*** DATASET ***

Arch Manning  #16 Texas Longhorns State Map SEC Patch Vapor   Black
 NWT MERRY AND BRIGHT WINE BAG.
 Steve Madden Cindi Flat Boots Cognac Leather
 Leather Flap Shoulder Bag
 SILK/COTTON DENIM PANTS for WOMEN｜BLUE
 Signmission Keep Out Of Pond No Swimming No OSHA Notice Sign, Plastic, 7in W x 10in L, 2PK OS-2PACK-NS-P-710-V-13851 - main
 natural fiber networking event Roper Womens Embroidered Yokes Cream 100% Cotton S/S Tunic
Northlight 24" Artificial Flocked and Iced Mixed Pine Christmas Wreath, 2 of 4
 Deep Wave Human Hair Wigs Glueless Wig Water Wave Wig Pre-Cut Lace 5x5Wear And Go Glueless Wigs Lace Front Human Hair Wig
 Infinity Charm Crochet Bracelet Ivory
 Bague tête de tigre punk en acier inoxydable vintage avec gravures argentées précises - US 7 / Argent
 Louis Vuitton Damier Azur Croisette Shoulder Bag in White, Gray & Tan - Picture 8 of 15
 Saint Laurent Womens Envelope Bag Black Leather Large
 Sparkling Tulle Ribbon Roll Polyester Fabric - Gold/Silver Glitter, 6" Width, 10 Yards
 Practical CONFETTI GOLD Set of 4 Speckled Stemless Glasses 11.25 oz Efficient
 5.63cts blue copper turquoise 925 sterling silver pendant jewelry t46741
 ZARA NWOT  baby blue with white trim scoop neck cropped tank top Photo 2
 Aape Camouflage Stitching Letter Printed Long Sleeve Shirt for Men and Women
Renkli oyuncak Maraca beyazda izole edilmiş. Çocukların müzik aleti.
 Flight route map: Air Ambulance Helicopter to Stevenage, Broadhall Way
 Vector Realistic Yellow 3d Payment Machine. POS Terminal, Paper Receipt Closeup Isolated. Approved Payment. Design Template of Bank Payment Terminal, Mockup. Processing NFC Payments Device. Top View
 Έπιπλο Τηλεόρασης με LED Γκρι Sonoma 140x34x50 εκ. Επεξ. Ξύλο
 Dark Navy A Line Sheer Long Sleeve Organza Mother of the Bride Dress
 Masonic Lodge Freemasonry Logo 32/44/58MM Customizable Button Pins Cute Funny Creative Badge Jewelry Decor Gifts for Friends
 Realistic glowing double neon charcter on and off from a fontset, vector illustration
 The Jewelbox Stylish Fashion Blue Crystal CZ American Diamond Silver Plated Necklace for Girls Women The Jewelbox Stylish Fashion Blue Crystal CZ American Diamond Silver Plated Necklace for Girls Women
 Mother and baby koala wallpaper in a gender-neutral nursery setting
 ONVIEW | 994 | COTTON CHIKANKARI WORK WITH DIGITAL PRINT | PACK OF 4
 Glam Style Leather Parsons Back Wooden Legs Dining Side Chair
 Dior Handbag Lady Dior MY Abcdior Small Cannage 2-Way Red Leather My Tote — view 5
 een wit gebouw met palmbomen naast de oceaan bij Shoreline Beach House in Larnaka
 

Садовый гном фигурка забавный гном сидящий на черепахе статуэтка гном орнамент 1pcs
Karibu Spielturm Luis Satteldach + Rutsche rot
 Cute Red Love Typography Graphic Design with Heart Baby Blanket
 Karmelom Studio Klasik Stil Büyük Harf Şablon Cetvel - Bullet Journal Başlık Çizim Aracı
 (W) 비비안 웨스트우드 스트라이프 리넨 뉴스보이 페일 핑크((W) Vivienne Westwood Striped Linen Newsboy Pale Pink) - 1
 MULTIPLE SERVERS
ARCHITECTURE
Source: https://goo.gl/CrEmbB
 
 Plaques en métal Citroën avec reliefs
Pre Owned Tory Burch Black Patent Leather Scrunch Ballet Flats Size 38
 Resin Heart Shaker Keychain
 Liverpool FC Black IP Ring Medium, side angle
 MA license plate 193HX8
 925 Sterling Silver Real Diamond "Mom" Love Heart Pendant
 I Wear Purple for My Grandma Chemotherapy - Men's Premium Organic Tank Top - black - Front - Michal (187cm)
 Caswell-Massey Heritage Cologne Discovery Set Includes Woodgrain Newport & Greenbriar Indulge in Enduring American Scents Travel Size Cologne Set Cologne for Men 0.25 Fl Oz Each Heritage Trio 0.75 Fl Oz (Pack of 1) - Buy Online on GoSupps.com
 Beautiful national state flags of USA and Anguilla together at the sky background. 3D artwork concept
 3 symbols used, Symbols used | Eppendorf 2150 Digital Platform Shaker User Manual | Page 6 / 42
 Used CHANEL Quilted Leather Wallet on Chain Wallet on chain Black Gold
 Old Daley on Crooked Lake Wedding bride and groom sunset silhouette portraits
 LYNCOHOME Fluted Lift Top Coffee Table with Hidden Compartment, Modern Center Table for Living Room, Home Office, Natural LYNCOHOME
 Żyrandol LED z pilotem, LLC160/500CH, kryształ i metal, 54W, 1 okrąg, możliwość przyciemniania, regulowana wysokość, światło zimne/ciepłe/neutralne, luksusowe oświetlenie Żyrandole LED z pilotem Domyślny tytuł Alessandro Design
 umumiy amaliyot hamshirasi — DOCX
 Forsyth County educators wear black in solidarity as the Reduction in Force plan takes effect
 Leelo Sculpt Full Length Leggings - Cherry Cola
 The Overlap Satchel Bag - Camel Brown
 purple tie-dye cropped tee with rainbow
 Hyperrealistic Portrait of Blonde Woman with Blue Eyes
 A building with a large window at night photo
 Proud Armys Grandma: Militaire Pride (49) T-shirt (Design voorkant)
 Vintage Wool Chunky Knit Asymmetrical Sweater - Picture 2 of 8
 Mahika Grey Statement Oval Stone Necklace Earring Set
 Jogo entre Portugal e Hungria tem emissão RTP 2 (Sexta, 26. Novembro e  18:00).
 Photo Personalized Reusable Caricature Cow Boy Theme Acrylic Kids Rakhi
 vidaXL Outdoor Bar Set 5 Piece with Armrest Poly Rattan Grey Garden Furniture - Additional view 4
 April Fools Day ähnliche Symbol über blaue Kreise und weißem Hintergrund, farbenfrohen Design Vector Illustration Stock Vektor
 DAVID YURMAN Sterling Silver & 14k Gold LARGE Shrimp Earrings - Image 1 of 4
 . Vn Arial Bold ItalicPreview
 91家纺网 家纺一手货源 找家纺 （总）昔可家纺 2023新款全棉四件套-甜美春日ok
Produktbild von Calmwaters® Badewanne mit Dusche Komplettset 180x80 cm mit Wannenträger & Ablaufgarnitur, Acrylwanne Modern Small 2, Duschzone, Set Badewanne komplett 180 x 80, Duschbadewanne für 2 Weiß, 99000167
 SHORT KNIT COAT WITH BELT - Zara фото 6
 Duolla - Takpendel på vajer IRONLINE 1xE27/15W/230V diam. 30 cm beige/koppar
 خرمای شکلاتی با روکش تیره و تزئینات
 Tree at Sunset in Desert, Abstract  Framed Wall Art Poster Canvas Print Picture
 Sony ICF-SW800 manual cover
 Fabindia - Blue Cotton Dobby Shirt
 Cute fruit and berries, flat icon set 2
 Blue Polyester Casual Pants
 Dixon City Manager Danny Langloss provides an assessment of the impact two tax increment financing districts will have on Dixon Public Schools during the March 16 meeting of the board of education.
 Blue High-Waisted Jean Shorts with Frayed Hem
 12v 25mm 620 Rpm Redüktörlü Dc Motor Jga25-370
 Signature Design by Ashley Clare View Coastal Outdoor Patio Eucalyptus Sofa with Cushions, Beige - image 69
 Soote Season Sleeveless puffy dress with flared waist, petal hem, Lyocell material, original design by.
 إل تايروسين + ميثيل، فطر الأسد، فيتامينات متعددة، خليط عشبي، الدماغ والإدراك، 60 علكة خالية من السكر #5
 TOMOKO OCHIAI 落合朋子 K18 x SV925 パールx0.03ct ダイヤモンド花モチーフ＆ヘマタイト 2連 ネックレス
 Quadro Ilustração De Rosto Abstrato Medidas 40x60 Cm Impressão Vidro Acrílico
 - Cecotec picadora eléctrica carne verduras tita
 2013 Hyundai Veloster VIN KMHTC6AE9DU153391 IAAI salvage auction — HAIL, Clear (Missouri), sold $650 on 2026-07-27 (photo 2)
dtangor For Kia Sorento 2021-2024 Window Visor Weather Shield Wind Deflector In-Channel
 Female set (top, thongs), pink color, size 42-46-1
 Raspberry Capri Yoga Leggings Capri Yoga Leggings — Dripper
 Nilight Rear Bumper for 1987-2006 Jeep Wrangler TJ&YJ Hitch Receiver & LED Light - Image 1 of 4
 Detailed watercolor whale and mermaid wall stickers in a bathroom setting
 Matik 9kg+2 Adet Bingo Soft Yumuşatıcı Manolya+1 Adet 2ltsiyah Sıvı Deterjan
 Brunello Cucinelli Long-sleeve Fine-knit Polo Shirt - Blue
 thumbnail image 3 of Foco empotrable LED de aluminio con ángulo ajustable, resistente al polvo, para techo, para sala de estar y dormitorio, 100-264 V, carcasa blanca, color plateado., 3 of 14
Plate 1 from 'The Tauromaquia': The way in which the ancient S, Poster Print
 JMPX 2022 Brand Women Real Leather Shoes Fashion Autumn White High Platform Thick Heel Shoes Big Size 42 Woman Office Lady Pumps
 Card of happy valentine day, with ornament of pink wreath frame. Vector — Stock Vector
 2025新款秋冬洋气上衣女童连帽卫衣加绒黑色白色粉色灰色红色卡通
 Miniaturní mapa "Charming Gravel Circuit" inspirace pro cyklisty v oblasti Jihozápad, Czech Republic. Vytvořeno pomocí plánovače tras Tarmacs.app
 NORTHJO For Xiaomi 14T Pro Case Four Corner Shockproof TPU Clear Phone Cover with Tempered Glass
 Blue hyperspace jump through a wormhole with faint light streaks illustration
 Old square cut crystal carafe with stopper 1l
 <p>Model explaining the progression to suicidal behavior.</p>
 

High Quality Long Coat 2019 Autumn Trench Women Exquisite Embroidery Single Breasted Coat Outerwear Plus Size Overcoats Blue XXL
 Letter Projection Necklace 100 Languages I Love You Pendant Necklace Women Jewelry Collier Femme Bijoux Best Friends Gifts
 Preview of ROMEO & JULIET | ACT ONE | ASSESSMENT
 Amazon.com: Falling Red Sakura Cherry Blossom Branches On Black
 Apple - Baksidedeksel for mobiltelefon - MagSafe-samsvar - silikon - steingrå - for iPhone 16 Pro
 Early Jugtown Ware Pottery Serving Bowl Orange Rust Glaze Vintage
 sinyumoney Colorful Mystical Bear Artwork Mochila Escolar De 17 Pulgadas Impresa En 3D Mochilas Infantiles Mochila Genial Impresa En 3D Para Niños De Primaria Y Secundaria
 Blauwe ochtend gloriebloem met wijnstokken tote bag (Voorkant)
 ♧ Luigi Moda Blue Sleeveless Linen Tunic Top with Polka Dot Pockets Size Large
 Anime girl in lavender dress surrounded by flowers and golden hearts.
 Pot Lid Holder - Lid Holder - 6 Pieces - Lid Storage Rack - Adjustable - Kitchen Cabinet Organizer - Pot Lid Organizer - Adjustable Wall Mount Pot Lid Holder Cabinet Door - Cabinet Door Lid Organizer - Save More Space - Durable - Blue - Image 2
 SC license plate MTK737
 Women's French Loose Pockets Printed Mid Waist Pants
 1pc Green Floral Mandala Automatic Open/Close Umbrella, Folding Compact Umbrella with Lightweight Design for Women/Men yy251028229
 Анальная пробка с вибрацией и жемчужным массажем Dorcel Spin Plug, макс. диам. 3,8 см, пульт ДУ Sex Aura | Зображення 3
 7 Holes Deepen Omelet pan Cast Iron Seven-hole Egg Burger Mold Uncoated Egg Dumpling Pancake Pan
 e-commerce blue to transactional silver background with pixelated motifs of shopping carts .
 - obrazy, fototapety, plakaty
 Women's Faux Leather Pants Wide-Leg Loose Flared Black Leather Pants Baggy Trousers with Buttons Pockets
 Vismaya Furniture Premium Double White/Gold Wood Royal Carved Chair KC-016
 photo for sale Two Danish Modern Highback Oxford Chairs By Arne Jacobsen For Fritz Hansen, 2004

***

_ACTIVITY_.
Each line of the records above, from the first through the one containing "Vector Realistic Yellow", is to be retyped exactly; no other line belongs.

_TASK OUTPUT_.
Arch Manning  #16 Texas Longhorns State Map SEC Patch Vapor   Black
 NWT MERRY AND BRIGHT WINE BAG.
 Steve Madden Cindi Flat Boots Cognac Leather
 Leather Flap Shoulder Bag
 SILK/COTTON DENIM PANTS for WOMEN｜BLUE
 Signmission Keep Out Of Pond No Swimming No OSHA Notice Sign, Plastic, 7in W x 10in L, 2PK OS-2PACK-NS-P-710-V-13851 - main
 natural fiber networking event Roper Womens Embroidered Yokes Cream 100% Cotton S/S Tunic
Northlight 24" Artificial Flocked and Iced Mixed Pine Christmas Wreath, 2 of 4
 Deep Wave Human Hair Wigs Glueless Wig Water Wave Wig Pre-Cut Lace 5x5Wear And Go Glueless Wigs Lace Front Human Hair Wig
 Infinity Charm Crochet Bracelet Ivory
 Bague tête de tigre punk en acier inoxydable vintage avec gravures argentées précises - US 7 / Argent
 Louis Vuitton Damier Azur Croisette Shoulder Bag in White, Gray & Tan - Picture 8 of 15
 Saint Laurent Womens Envelope Bag Black Leather Large
 Sparkling Tulle Ribbon Roll Polyester Fabric - Gold/Silver Glitter, 6" Width, 10 Yards
 Practical CONFETTI GOLD Set of 4 Speckled Stemless Glasses 11.25 oz Efficient
 5.63cts blue copper turquoise 925 sterling silver pendant jewelry t46741
 ZARA NWOT  baby blue with white trim scoop neck cropped tank top Photo 2
 Aape Camouflage Stitching Letter Printed Long Sleeve Shirt for Men and Women
Renkli oyuncak Maraca beyazda izole edilmiş. Çocukların müzik aleti.
 Flight route map: Air Ambulance Helicopter to Stevenage, Broadhall Way
 Vector Realistic Yellow 3d Payment Machine. POS Terminal, Paper Receipt Closeup Isolated. Approved Payment. Design Template of Bank Payment Terminal, Mockup. Processing NFC Payments Device. Top View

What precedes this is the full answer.